HtmlUnit / htmlunit

HtmlUnit is a "GUI-Less browser for Java programs".
https://www.htmlunit.org
Apache License 2.0
870 stars 171 forks source link

Replace Apache Xalan with an alternative #493

Closed khusanjontuychiboev closed 2 years ago

khusanjontuychiboev commented 2 years ago

Hello team,

Blackduck and WhiteSource report this vulnerability against Apache Xalan, which comes under htmlunit dependency. I want to know if that is planned to remove or replace Apache Xalan in future releases of the htmlunit library.

Thanks Khusanjon

rbri commented 2 years ago

I already had a look at this several times, but i have no real idea how to do this with reasonable effort. If you have an idea we can discuss this. Or if you use HtmlUnit for your business we can have a look set up some sponsoring for this dedicated task.

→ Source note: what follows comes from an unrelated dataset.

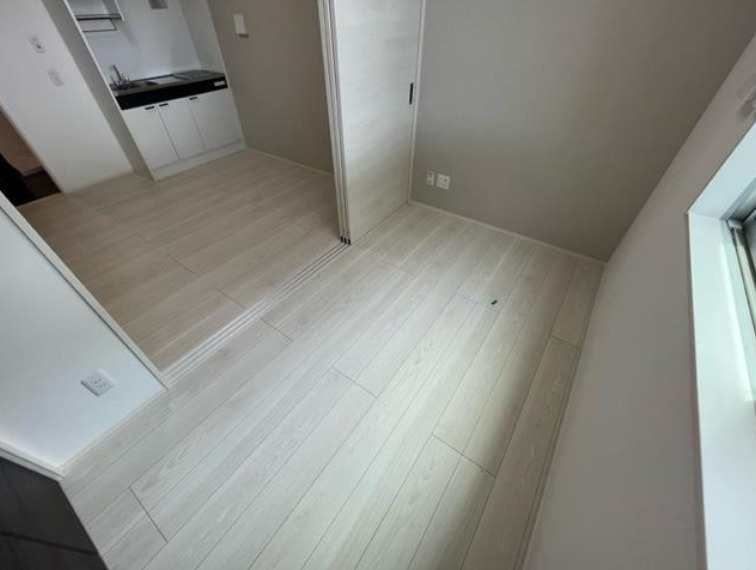 コモド南与野の洋室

@black-snow - if you like you can have a look at possible xalan alternatives

rbri commented 2 years ago

Maybe we have to have a closer look at SaxonJ-HE

black-snow commented 2 years ago

To sum this up: Apache Xalan has long been the go-to for XLST in java but is pretty much dead now and has a CVE with a CVSS of 9.8 (!), that basically allows arbitrary code execution via malicious XLSTs.

I'll update the comment while investigating further.


Link to Saxon "the Open source Saxon XSLT & XQuery processor developed by Saxonica Limited." - latest release 11.4 on 28 July 2022

FOSS version (MPL 2.0) is the "Home Edition"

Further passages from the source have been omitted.